4 Replies Latest reply on Apr 7, 2021 9:12 PM by Garry Ure

    Using proximity data domains

    Garry Ure New Member

      Does anyone know how proximity data domains should be used properly in EDC? Ideally with examples.

       

      The documentation isn't very clear on their purpose or how to best use them.

        • 1. Re: Using proximity data domains
          Venkatesh Srinivasan Seasoned Veteran

          Proximity data domains are used to narrow down the inferred results to identify close-to-identical columns or fields for a data domain.

           

          You can add proximity data domains to the existing data domains by editing the existing data domains from ldmadmin.

          Ex: For “Address” data domain,  Zipcode, Street, City could be proximity data domains.

          When you create or edit a resource and enable data domain discovery, you can add the proximity data domains

          Once you run the resource, the profiling scanner scans the data source for the data domain and the proximity data domains in the resource and displays a match score in EDC UI.

           

          The match score is the ratio of number proximal data domains discovered in the data source to the number of configured proximal data domains for an inferred data domain.

          • 2. Re: Using proximity data domains
            Garry Ure New Member

            Thanks. That last part is copied directly from the documentation which wasn't intuitively helpful.

             

            I think I get the point of them, I just wasn't really sure how they worked in practice.

            • 3. Re: Using proximity data domains
              Darren Wrigley Guru

              one example is, you might have a lot of fields name ID & and all id's are an auto-generated number.

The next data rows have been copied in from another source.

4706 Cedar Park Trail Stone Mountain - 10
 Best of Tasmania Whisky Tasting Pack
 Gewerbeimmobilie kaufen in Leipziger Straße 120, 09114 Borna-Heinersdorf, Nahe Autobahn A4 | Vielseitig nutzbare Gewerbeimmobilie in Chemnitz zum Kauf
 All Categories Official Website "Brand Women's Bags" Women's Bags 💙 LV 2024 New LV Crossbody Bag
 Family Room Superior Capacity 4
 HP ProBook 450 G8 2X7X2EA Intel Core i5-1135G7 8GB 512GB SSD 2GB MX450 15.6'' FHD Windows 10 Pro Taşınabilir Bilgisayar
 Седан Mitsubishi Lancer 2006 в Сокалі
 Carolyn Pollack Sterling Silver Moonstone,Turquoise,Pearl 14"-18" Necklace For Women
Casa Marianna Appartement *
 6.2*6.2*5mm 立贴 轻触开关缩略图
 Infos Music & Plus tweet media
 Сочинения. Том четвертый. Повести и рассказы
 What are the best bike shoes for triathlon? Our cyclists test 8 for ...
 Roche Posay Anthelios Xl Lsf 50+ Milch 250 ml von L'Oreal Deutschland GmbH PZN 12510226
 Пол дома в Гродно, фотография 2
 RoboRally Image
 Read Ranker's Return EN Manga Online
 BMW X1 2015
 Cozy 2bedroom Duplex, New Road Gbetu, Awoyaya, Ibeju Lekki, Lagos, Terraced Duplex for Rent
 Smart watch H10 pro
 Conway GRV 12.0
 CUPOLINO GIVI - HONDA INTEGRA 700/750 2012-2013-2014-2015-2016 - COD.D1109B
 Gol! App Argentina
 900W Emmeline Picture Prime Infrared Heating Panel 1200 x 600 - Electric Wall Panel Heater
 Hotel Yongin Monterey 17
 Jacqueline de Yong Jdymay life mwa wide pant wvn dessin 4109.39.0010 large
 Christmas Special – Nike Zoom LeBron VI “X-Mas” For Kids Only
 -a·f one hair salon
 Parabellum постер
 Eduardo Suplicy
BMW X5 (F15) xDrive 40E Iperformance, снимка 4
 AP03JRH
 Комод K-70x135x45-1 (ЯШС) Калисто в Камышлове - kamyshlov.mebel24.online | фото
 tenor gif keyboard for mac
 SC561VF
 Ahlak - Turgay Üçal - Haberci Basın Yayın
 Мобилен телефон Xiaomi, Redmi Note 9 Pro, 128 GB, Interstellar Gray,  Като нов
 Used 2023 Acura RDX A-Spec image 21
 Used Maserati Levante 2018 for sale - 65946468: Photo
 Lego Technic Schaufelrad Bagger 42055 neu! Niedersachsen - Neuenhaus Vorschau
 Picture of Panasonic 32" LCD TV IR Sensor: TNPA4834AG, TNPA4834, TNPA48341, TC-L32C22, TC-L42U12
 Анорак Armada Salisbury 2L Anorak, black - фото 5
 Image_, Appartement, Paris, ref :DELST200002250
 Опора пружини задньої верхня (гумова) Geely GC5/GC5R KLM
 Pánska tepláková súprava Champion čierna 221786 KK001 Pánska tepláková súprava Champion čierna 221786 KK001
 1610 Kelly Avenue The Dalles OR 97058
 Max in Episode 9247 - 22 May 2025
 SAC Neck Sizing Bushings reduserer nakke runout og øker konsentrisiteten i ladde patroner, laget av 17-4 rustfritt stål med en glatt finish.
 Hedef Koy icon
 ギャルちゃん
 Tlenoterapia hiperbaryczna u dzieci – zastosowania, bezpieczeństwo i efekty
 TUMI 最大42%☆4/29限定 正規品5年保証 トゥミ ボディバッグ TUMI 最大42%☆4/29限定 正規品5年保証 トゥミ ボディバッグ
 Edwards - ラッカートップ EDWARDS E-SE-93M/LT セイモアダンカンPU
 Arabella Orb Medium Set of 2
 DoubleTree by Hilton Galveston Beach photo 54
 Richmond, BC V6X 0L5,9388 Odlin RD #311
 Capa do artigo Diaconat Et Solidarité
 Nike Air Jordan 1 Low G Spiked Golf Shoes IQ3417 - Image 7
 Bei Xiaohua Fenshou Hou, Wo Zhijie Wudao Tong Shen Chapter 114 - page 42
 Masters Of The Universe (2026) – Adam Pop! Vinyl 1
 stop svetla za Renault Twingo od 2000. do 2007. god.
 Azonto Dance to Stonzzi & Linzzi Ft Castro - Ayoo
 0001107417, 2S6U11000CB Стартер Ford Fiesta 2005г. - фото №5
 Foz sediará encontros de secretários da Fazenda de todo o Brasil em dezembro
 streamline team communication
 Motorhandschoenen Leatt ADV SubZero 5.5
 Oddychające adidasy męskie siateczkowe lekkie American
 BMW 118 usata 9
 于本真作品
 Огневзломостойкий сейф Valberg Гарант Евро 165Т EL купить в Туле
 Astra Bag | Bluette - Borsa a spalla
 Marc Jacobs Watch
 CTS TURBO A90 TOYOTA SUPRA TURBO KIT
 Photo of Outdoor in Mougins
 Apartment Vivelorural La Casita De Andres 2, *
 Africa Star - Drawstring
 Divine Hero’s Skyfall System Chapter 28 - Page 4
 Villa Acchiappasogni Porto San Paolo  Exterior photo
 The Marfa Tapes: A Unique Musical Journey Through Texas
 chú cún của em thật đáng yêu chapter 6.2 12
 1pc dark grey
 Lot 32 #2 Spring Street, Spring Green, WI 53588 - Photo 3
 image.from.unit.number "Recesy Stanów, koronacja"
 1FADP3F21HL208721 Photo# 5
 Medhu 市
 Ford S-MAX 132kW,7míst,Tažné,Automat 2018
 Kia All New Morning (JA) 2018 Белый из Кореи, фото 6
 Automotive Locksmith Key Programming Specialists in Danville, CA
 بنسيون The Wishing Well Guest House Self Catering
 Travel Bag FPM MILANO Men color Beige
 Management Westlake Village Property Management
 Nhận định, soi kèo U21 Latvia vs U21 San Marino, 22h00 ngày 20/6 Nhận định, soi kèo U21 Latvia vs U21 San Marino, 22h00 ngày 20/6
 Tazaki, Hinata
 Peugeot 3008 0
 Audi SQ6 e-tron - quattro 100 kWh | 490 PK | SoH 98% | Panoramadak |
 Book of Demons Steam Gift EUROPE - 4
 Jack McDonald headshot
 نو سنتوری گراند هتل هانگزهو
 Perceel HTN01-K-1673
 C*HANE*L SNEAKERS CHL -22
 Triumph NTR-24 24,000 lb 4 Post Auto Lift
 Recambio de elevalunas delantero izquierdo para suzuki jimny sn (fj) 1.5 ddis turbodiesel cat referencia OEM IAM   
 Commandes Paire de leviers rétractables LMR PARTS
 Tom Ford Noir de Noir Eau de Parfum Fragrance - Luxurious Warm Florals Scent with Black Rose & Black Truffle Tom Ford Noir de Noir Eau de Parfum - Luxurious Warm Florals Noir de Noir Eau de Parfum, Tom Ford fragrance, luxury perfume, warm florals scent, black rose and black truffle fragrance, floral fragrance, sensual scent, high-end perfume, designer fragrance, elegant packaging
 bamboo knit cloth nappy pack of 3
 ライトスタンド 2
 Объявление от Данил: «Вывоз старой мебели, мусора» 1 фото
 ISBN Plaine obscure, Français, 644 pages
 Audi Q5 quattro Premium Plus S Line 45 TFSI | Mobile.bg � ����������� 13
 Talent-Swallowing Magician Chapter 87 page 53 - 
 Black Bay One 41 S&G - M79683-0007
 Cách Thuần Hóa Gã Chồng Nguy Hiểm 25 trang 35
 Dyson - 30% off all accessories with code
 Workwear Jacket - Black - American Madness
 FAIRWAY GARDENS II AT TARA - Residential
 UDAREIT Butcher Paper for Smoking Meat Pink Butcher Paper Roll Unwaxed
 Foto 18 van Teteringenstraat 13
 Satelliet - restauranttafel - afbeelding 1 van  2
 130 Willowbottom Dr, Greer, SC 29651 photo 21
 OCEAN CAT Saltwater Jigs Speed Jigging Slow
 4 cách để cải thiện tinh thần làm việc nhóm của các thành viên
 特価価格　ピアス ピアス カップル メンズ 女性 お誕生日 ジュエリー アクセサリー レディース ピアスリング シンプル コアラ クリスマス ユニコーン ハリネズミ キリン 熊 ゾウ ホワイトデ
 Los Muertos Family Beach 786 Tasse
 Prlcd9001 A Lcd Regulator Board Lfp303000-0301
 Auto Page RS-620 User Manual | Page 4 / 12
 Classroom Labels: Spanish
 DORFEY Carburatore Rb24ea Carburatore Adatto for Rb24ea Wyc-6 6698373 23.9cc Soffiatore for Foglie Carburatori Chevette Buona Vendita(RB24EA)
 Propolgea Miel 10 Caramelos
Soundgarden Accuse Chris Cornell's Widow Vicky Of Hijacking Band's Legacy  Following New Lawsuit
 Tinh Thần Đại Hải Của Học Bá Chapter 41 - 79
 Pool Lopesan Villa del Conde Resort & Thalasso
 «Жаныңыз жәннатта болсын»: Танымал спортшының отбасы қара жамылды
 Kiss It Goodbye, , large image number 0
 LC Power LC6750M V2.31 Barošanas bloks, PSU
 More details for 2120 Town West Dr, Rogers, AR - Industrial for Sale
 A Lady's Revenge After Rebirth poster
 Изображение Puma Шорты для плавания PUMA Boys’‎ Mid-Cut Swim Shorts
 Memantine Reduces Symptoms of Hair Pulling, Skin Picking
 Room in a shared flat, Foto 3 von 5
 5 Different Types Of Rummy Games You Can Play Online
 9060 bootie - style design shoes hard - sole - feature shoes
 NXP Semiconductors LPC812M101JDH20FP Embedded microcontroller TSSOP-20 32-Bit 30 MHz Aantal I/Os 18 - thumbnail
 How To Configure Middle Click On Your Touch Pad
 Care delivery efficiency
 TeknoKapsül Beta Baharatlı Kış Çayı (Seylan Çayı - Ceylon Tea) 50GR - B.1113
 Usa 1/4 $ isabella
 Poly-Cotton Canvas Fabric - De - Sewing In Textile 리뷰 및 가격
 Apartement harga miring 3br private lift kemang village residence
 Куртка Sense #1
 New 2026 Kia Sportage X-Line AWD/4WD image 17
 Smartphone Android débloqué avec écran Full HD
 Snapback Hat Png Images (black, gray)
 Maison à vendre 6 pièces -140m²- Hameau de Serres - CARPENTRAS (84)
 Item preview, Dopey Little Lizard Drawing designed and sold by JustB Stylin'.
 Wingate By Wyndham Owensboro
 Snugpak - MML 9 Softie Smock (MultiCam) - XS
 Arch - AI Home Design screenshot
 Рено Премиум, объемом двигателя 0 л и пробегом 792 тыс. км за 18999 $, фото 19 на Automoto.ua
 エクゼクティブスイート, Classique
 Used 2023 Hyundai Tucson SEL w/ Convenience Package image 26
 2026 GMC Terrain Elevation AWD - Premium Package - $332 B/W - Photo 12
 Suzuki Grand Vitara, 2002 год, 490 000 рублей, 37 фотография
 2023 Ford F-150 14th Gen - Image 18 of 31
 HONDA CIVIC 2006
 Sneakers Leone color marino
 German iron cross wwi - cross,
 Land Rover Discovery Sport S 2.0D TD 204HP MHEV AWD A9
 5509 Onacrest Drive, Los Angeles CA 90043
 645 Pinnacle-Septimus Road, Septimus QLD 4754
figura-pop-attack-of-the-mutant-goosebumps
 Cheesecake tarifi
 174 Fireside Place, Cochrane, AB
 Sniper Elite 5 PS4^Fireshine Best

              If you want to create a data domain that represents a Product_id.

               

              to do this, you could use either metadata or data rule (or both) to find an id, and set a proximal domain Product_Name.

               

              so Product_Id would only be connected to an id field that is in the same dataset (or a joined dataset) that also has a Product_Name domain field.

              1 of 1 people found this helpful
              • 4. Re: Using proximity data domains
                Garry Ure New Member

                Thanks Darren, that makes more sense.